I have started reading about Deep Learning for over a year now through several articles and research papers that I came across mainly in LinkedIn, Medium and Arxiv.

When I virtually attended the MIT 6.S191 Deep Learning courses during the last few weeks (Here is a link to the course site), I decided to begin to put some structure in my understanding of Neural Networks through this series of articles.

I will go through the first four courses:

Introduction to Deep Learning
Sequence Modeling with Neural Networks
Deep learning for computer vision - Convolutional Neural Networks
Deep generative modeling

For each course, I will outline the main concepts and add more details and interpretations from my previous readings and my background in statistics and machine learning.

Starting from the second course, I will also add an application on an open-source dataset for each course.

That said, let’s go!

Introduction to Deep Learning

Context

Traditional machine learning models have always been very powerful to handle structured data and have been widely used by businesses for credit scoring, churn prediction, consumer targeting, and so on.

The success of these models highly depends on the performance of the feature engineering phase: the more we work close to the business to extract relevant knowledge from the structured data, the more powerful the model will be.

When it comes to unstructured data (images, text, voice, videos), hand engineered features are time consuming, brittle and not scalable in practice.
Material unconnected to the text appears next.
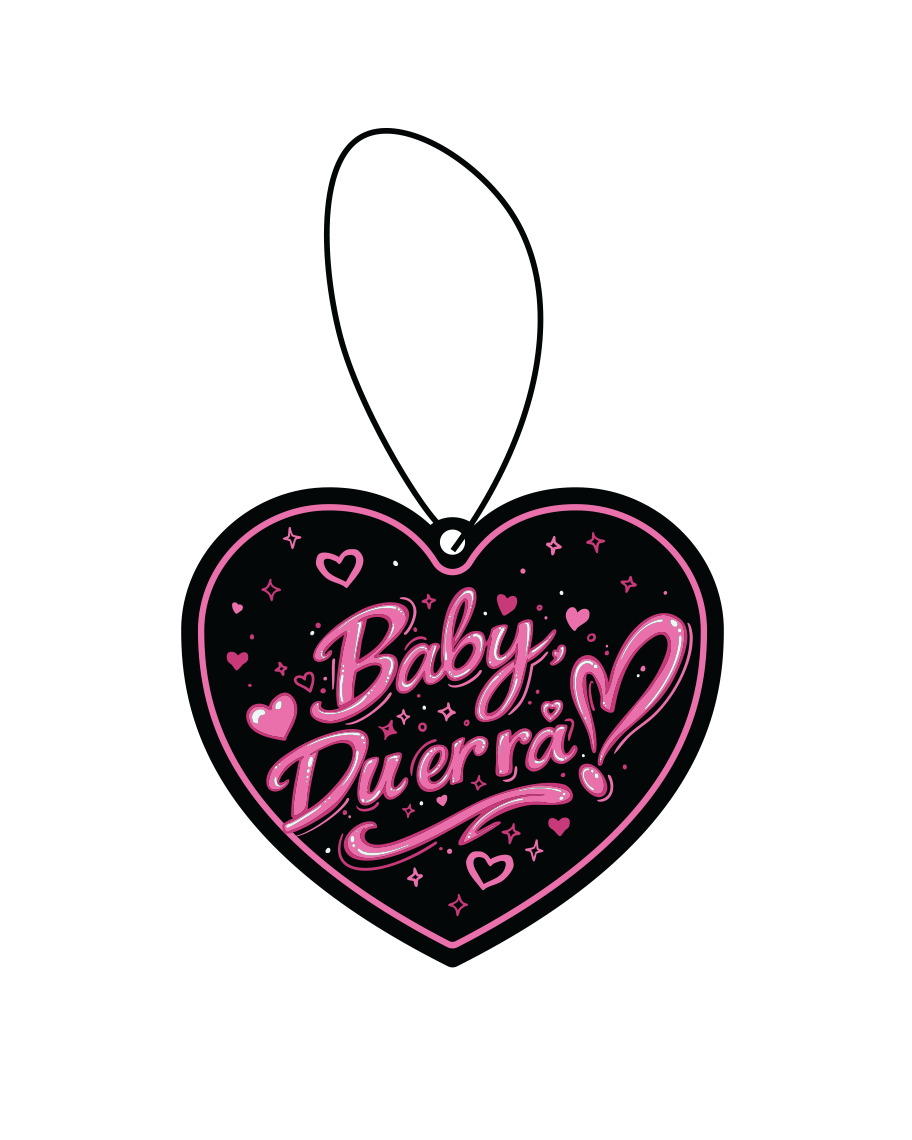 HAGLEBAUM™ BABY, DU ER RÅ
That is why Neural Networks become more and more popular thanks to their ability to automatically discover the representations needed for feature detection or classification from raw data. This replaces manual feature engineering and allows a machine to both learn the features and use them to perform a specific task.

Improvements in Hardware (GPUs) and Software (advanced models / research related to AI) also contributed to deepen the learning from data using Neural Networks.

Basic architecture

The fundamental building block of Deep Learning is the Perceptron which is a single neuron in a Neural Network.

Given a finite set of m inputs (e.g. m words or m pixels), we multiply each input by a weight (theta 1 to theta m) then we sum up the weighted combination of inputs, add a bias and finally pass them through a non-linear activation function. That produces the output Yhat.

The bias theta 0 allows to add another dimension to the input space. Thus, the activation function still provide an output in case of an input vector of all zeros. It is somehow the part of the output that is independent of the input.
The purpose of activation functions is to introduce non-linearities into the network. In fact, linear activation functions produce linear decisions no matter the input distribution. Non-linearities allow us to better approximate arbitrarily complex functions. Here some examples of common activation functions:

Deep Neural Networks are no more than a stacking of multiple perceptrons (hidden layers) to produce an output.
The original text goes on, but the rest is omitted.